The violations allege that the mine operator engaged in aggravated conduct, constituting more than ordinary negligence, by not following mandatory safety standards, and allowing unsafe and unhealthful mining practices to continue.

"Some still aren't getting it"

"The conduct and behavior exhibited when we caught the mine operator by surprise is nothing short of outrageous," said Joseph A. Main, assistant secretary of labor for mine safety and health. "Despite the tragedy at Upper Big Branch last year, and all our efforts to bring mine operators into compliance, some still aren't getting it. The conditions observed at Randolph Mine place miners at serious risk to the threat of fire, explosion and black lung. Yet, MSHA inspectors can't be at every mine every day. Our continuing challenge is counteracting the egregious behavior of certain mine operators."

In March 2010, MSHA received an anonymous complaint about hazardous conditions at Randolph Mine just days after a small fire occurred there. The agency's inspectors found that the mine operator was not providing adequate ventilation to reduce the risk of explosions and exposure to coal mine dust. Nine 104(d)(2) withdrawal orders were issued for the operator's failure to provide adequate ventilation, not following the approved ventilation plan by mining depths in excess of the maximum 20 feet, inadequate on-shift examinations and extensive accumulation of loose coal. Inspectors found some sections without air movement caused by line curtains (used to control air flow) being rolled up. These same types of conditions were found again during the April 2011 impact inspection. Section 104(d)(2) of the Federal Mine Safety and Health Act of 1977 refers to unwarrantable failure withdrawal orders and requires that an inspection with no similar violations be conducted before the order is terminated.
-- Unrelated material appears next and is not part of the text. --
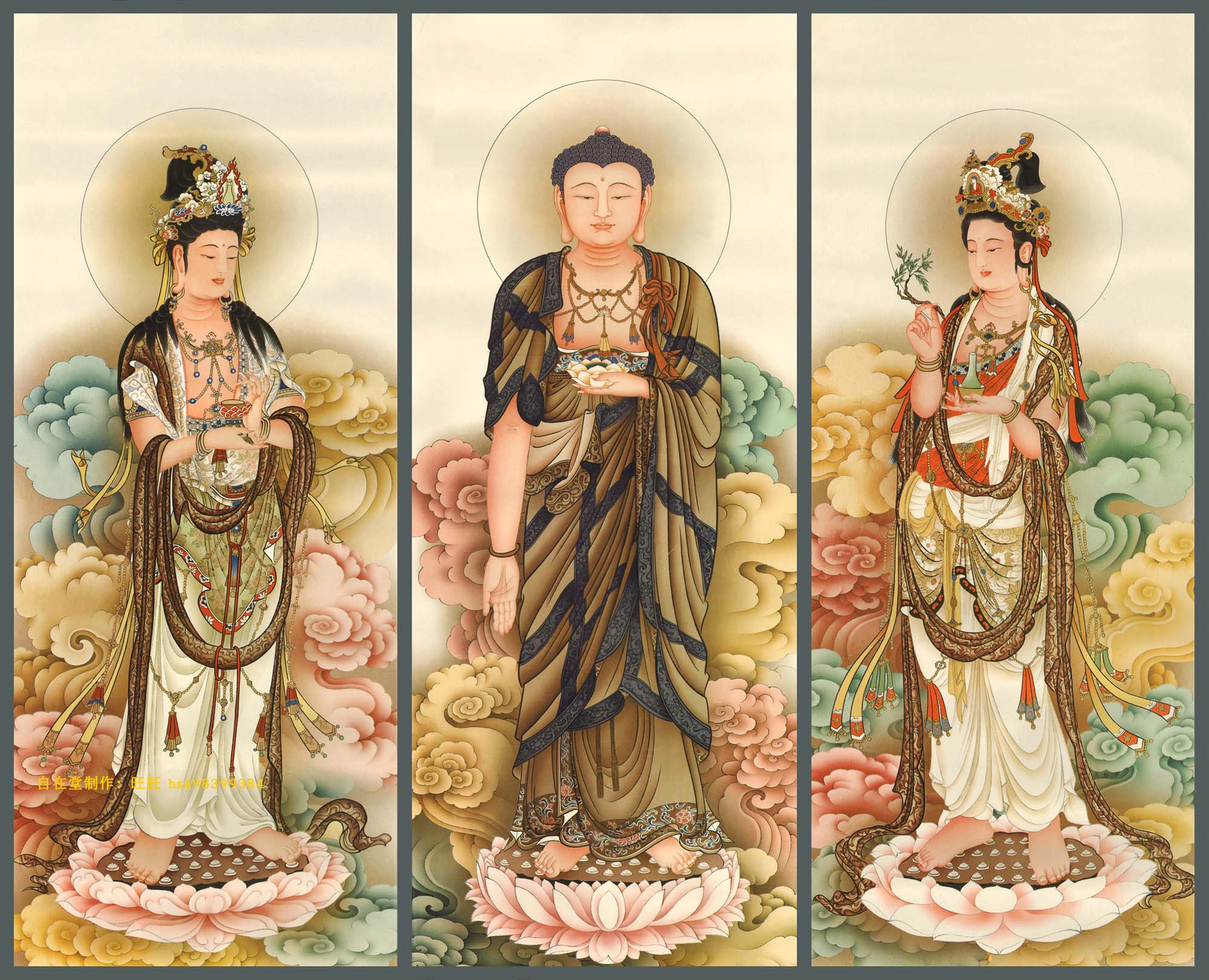 Self-contained hall is related to the South No Western Three Saints A08 Buddha Statue Exquisite Buddha Portrait - Silk Hanging Painting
Impact inspections, which began in force in April 2010 following the explosion at the Upper Big Branch Mine, targets mines that merit increased agency attention and enforcement due to their poor compliance history or particular compliance concerns, including high numbers of violations or closure orders; indications of operator tactics, such as advance notification of inspections that prevent inspectors from observing violations; frequent hazard complaints or hotline calls; plan compliance issues; inadequate workplace examinations; a high number of accidents, injuries or illnesses; fatalities; and adverse conditions such as increased methane liberation, faulty roof conditions and inadequate ventilation.